Political candidates who support legal abortion have been changing their rhetoric in recent years. Indeed, during the current election cycle, a number of pro-choice candidates, including Barack Obama, have expressed an interest in lowering the incidence of abortion. Such statements present a unique opportunity for the pro-life movement. Indeed, pro-lifers should insist that these candidates support pro-life parental-involvement laws. Such laws enjoy broad support and unlike other laws limiting abortion, they can be easily justified as a parental-rights issue. Furthermore, my recent study for the Family Research Council provides evidence that well designed parental-involvement laws have been surprisingly effective at reducing abortion rates among minors.
Indeed, there are a number of academic and policy studies which demonstrate the effectiveness of pro-life parental-involvement laws. Four studies in peer-reviewed academic journals use time-series, cross-sectional data to simultaneously analyze all the enacted pro-life parental-involvement laws over an extended period of time. These studies find that these pieces of legislation reduce the in-state minor abortion rate by anywhere from 13 to 19 percent. Case studies of parental-involvement laws that have been enacted in Massachusetts, Indiana, Missouri, and Minnesota arrive at similar conclusions about the effects of parental-involvement laws.

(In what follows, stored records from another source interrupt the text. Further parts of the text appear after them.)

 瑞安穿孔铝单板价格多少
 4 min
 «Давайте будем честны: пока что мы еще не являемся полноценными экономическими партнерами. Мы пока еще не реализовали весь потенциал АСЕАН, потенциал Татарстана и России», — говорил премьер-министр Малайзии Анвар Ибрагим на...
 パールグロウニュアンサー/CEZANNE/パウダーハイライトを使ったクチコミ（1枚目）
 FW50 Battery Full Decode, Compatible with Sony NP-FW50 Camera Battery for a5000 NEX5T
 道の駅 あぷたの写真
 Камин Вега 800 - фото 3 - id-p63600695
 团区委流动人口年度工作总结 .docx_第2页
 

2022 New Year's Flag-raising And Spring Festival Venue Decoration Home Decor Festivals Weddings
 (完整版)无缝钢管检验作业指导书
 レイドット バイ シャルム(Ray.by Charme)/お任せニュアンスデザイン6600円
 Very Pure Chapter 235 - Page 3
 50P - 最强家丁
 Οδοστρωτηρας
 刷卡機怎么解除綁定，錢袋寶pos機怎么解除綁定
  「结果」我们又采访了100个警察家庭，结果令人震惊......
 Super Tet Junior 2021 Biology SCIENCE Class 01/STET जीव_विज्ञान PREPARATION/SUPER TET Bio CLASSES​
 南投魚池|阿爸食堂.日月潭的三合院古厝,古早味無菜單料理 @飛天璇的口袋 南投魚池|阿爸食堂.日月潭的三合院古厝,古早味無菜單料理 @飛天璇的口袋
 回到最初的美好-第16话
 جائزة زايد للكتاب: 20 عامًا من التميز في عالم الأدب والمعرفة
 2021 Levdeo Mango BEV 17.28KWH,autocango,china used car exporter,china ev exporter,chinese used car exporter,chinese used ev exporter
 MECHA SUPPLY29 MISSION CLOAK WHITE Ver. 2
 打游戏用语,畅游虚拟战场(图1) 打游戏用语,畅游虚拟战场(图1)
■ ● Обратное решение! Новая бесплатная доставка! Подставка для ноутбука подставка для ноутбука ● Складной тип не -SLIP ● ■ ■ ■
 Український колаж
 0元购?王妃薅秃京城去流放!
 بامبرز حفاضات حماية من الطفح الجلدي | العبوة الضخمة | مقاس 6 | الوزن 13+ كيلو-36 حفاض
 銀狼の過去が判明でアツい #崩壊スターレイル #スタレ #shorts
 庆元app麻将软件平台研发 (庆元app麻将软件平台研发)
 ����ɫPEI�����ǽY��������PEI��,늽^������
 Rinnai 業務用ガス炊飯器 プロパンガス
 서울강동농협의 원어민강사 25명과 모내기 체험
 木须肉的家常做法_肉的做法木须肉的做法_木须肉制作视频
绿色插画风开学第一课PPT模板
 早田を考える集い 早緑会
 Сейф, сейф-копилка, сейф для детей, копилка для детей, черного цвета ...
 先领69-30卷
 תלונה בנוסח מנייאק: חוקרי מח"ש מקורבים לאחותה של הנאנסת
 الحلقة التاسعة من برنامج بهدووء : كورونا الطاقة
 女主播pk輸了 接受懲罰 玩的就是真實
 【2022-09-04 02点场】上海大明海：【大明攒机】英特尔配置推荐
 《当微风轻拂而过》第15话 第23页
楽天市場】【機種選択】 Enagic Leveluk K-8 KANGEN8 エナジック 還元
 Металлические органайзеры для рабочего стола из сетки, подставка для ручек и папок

However, the best case study of a pro-life parental-involvement law appeared in The New England Journal of Medicine
in 2006. This study analyzed the Texas parental-notification law that took effect in 2000. The authors found that the law resulted in statistically significant declines in the abortion rate in Texas among 15-year-olds, 16-year-olds, and 17-year-olds. Now the authors did find some evidence that some 17-year-olds were able to circumvent the law by waiting until their 18th birthday to have an abortion. However, they found little evidence that Texas minors were circumventing the law by obtaining abortions in neighboring states.
My recently released Family Research Council study contributes to this body of research. It is actually the first study that compares the effect of different types of pro-life parental-involvement legislation. The results indicate that parental-involvement laws reduce the minor abortion rate by 13 percent — a finding that is consistent with other research on the subject. However, state laws that require parental consent instead of parental notification are even more effective, reducing the abortion rate by an average of 19 percent. This finding held true for all age groups that were analyzed — 17-year-olds, 16-year-olds, and 15-year-olds.
There are a number of reasons why parental-consent laws might be more effective than parental-notice laws. Consent laws, unlike notification laws, would effectively give parents the ability to prevent an abortion from being performed on their daughter. Additionally, a parental-notice law might not deter a minor who feels she can intercept the notification. Finally, it should also be noted that abortion providers might have a greater incentive to follow parental-consent laws. A missed notification can possibly be blamed on timing or other incidental factors. However, failure to obtain consent would likely be seen as the responsibility of the abortion provider and could result in legal action — especially if the parents did not approve of the abortion being performed.
Interestingly, those parental-involvement laws that require the involvement of two parents instead of one are even more effective. The regression model indicates that these laws reduce the minor abortion rate by 31 percent. Now only three states — Minnesota, Mississippi, and North Dakota — have enacted parental-involvement laws that require the involvement of two parents. However, the substantial abortion declines that have occurred in each of these states suggest that they are models that other states should follow.